There’s no denying that the Deutsche Bank building, which was being simultaneously decontaminated and dismantled, was dangerous. It had a severed standpipe, heavy barricades be-tween floors that served to trap firefighters and even banks of industrial fans that could not be shut off, adding noise and mechanized wind to an already treacherous operation.

Click here to download an excerpt of the FDNY radio chatter from the Deutsche Bank incident.

But these obstacles weren’t the only problems on Aug. 18, 2007. The FDNY’s official investigation indicates that because commanders waited until too late to set up a separate command channel, the tactical radio channel was overwhelmed. Some of the many Maydays given weren’t heard or acknowledged by other firefighters—apparently, Beddia and Graffagnino both gave Maydays, but they did not come up on the audio recording of the event. Commanders never said which of the three engine companies that had been dispatched to the upper floors was supposed to be in charge of getting water on the blaze. Windows were broken to vent the fire in a manner contrary to procedure. Firefighters either couldn’t or didn’t leave the area of danger when their air canisters ran low.

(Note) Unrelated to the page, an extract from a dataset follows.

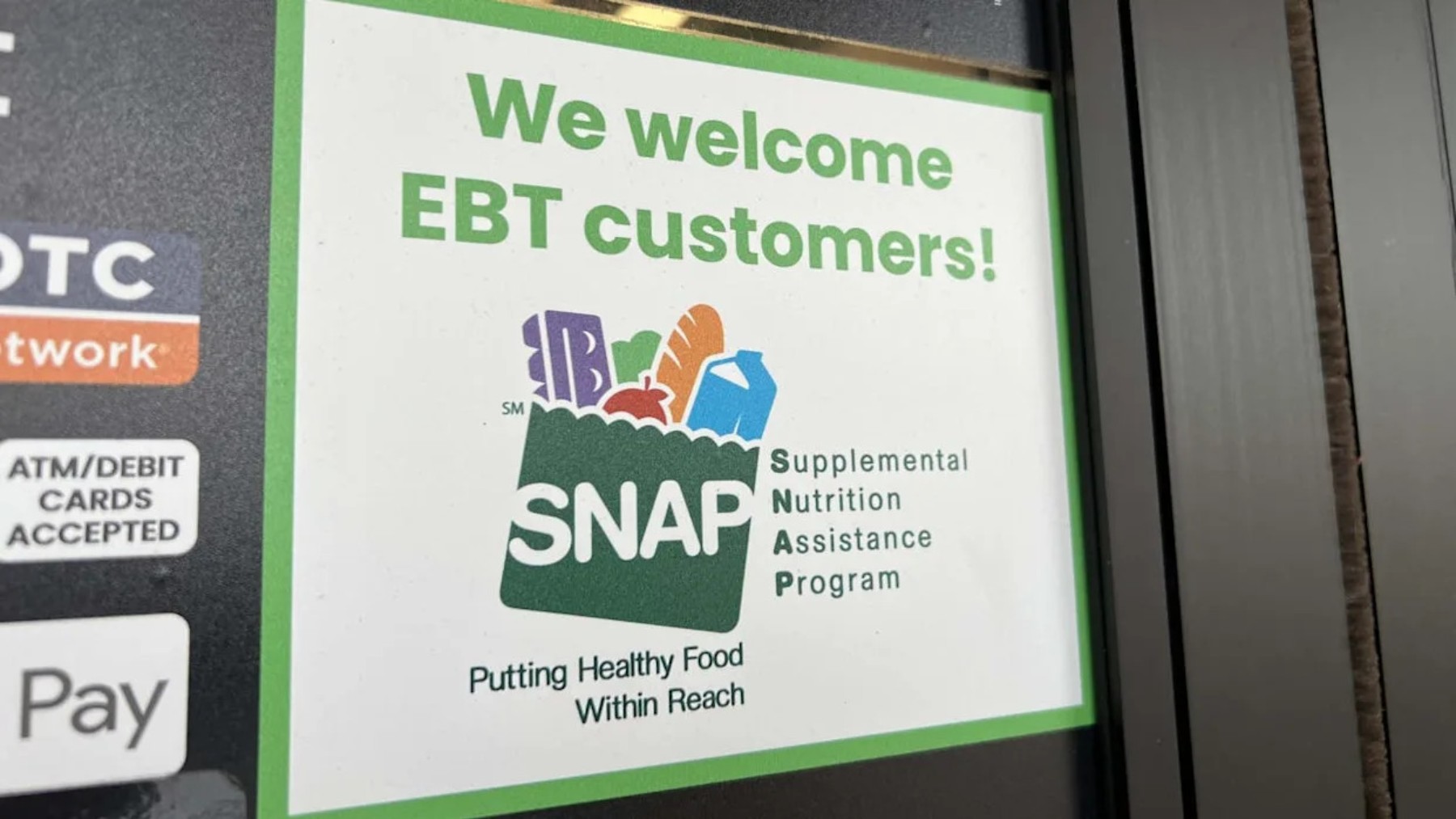 It's official—Indiana, Iowa, Nebraska, Utah, and West Virginia are limiting SNAP foods, affecting 1.4 million beneficiaries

The FDNY’s report recommends, among dozens of suggestions, that the department develop policies on alternative ways to get water to a high-rise fire when the standpipe is unusable.

But a separate investigation by NIOSH goes even further in hinting that FDNY firefighting strategy was either not followed at the Deutsche Bank disaster or is in need of revision given what occurred there. It calls for the FDNY to “review and follow existing standard operating procedures on high-rise fire fighting to ensure that fire fighters are not operating in hazardous areas without the protection of a charged hoseline” and to “develop and enforce risk management plans, policies, and standard operating guidelines for risk management during complex high-rise operations.”

In other words, the Deutsche Bank response may have suffered not just from water prob-lems, but also from troubling tactical choices. Galvin, the high-ranking chief who eventually took charge of the operation, himself seemed concerned about the way the fire response was being run, barking into the radio at one point, “Do we have a roll call finished up there? I do not give a shit about the building. I give a shit about the guys,” and later, “Let’s get everybody below this fucking fire for a change.”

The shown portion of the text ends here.